The test suite was the
same one that OpenVMS Engineering used in previous decades to test new VAX
hardware designs. To ensure proper execution of the VAX instruction set, the
tests verify conformance of the new hardware to expected test results. The
comprehensive suite exercises nearly every VAX instruction, including all
three-operand VAX instructions as well as single, double, and floating-point
calculation speeds. For some instructions, the tests revealed that the
CHARON-VAX/AXP Plus emulator was more than ten times faster than any real VAX
processor.
In addition to this
suite, Resilient Systems used the VUPs Calculator utility to test individual
CPU performance in processing a mix of fixed and floating point instructions.
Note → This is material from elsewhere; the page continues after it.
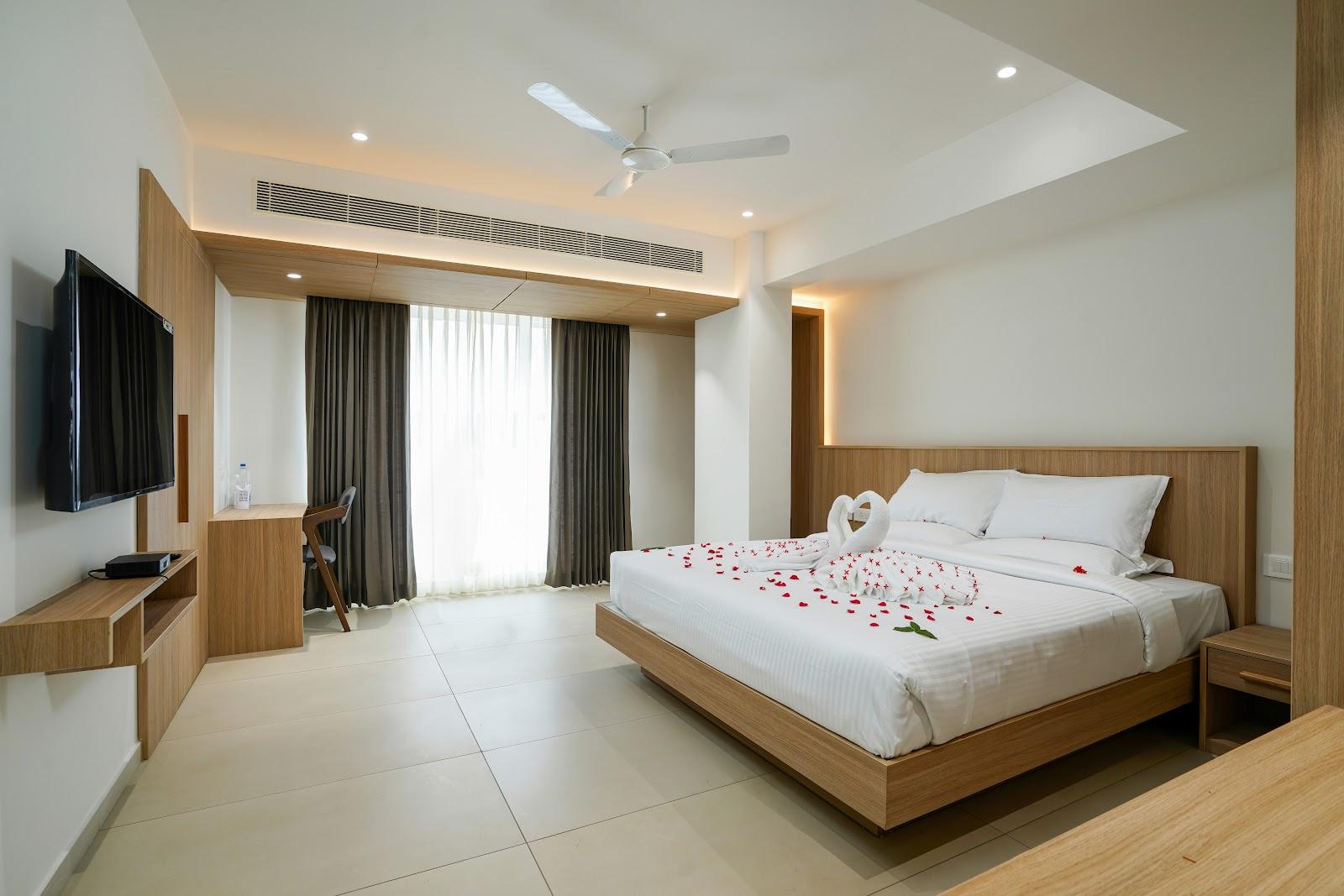 The Trios Hotel Kochi – photo 2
To test scalability of CHARON-VAX/AXP Plus on multiprocessor configurations,
Resilient used standard Dhrystone tests because the results are much more
granular than those produced by the VUPs Calculator. Resilient Systems first
determined peak Dhrystones on a single CPU and then ran simultaneous Dhrystone
tests on multiple instances of CHARON-VAX/AXP Plus in multiple n-way
GS1280 configurations, with up to 18 instances on a 16-way GS1280. Resilient
Systems repeated these tests over three days, and then calculated the average
Dhrystone performance. Resilient Systems then used the standard formula to
convert Dhrystones to VUPs, and produced detailed graphs to show the results
(the graphs are shown later in this article in Figure 4 and Figure
5).
The complete results
from the OpenVMS Engineering test suite; the CPU, disk, and network performance
tests; and the CHARON-VAX/AXP Plus
scalability tests are available from Resilient Systems.
The next two sections
describe the benefits of (1) the latest release of HP AlphaServer products (and
the GS1280 model in particular) and (2) the CHARON-VAX/AXP Plus emulator, respectively. The third section to follow provides
details about the cumulative performance benefits of these two products
combined.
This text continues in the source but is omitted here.